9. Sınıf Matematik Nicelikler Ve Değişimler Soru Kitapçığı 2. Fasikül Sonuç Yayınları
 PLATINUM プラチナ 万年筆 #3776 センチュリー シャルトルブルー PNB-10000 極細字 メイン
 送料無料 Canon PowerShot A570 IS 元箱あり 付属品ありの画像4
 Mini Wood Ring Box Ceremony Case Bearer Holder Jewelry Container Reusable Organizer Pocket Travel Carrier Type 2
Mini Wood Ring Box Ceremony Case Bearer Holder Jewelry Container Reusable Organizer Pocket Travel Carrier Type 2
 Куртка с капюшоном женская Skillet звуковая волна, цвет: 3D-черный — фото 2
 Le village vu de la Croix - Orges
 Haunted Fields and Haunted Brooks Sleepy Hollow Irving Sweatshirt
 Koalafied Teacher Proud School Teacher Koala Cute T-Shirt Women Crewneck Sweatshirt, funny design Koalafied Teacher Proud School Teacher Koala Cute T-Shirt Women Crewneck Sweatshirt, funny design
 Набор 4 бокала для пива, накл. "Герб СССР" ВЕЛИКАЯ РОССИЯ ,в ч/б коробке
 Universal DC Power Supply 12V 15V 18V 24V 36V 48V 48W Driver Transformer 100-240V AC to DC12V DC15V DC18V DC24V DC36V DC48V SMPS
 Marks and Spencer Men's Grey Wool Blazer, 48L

=-=-=

Work to be completed: Begin at the line that has "Le village vu de la Croix - Orges" in the entries above; stop after the line that has "Набор 4 бокала". Transcribe exactly those lines and no others.

Task output:
 Le village vu de la Croix - Orges
 Haunted Fields and Haunted Brooks Sleepy Hollow Irving Sweatshirt
 Koalafied Teacher Proud School Teacher Koala Cute T-Shirt Women Crewneck Sweatshirt, funny design Koalafied Teacher Proud School Teacher Koala Cute T-Shirt Women Crewneck Sweatshirt, funny design
 Набор 4 бокала для пива, накл. "Герб СССР" ВЕЛИКАЯ РОССИЯ ,в ч/б коробке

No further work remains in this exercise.